9) Someone tipped off a London reporter about “big news” in the United States 25 minutes before Kennedy was shot
In a memo dated November 26, 1963, FBI Deputy Director James Angleton recorded that British Security Service (MI5) had reported a call made to the Cambridge News on the evening of November 22. The caller told the paper’s senior reporter to “call the American Embassy in London for some big news,” before hanging up. By MI5’s calculations, Kennedy was shot in Dallas 25 minutes after the call came in.
10) A week or so before the assassination, a man in a New Orleans bar bet $100 that President Kennedy would be dead within three weeks
In the days after Kennedy was shot, the Secret Service recorded notes from an interview with a man named Robert Rawls, who was at the time a patient at the U.S. Naval Hospital in Charleston, South Carolina. According to what Rawls told an officer of the Naval Intelligence Unit, he’d been in a bar in New Orleans, Louisiana 10 days to two weeks earlier, when he overheard a man try to bet $100 on Kennedy’s imminent demise. Rawls, who admitted being half in the bag himself, didn’t catch the man’s name, and didn’t even remember the name of the bar. At the time, he thought the bet was “drunk talk,” and laughed it off.
An Ex-CIA Officer Weighs in on the JFK Files
Former CIA officer and author Robert Baer, who led the investigation in History’s “JFK Declassified: Tracking Oswald” program, believes the biggest revelation to come out of the newest file release is that the White House and intelligence agencies are continuing to conceal all that was known about Lee Harvey Oswald before the assassination, and how much information was withheld from the official investigation into the events of November 22, 1963.
“They’ve had 25 years to redact and protect sources and methods,” Baer says. “What they’re covering up…is the actual cover-up on Oswald, and there was one.
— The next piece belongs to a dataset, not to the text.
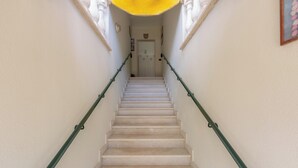 A staircase with white steps and green handrails, leading to a door at the top. - 4038 Bliss Attico Fronte Mare by Barbarhouse (Porto Cesareo)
I have seen no evidence that there’s any sort of government conspiracy, but the cover-up—withholding from the Warren Commission, destroying documentation—it’s just there. It’s undisputed.”
Baer hasn’t had a chance to review all the newly released documents, but he believes many of the most important documents, and eyewitnesses, related to Oswald’s plot to kill Kennedy will never be made public. These include information about Oswald’s known connections with Cuban exiles in Dallas, who
may have known of his assassination plans and sent word back to Havana, as well as interviews with a key eyewitness at the Cuban consulate, where Oswald reportedly bragged openly about his plans to kill the U.S. president.
If the full trove of government records related to JFK’s assassination were ever to be made public, Baer has an idea of what they would show. “I think what happened, without seeing all the documents, is that the assassination could have been stopped,” Baer says. “The Secret Service should have been informed,
Oswald should have been confronted before Kennedy’s visit…It could have been stopped.” He believes “once the government understood this [was preventable], they closed down the investigation.”
“It’s not what the conspiracy theorists think—the guy with the black umbrella, the shooter on the grassy knoll,” Baer says. “The crime is the cover-up.”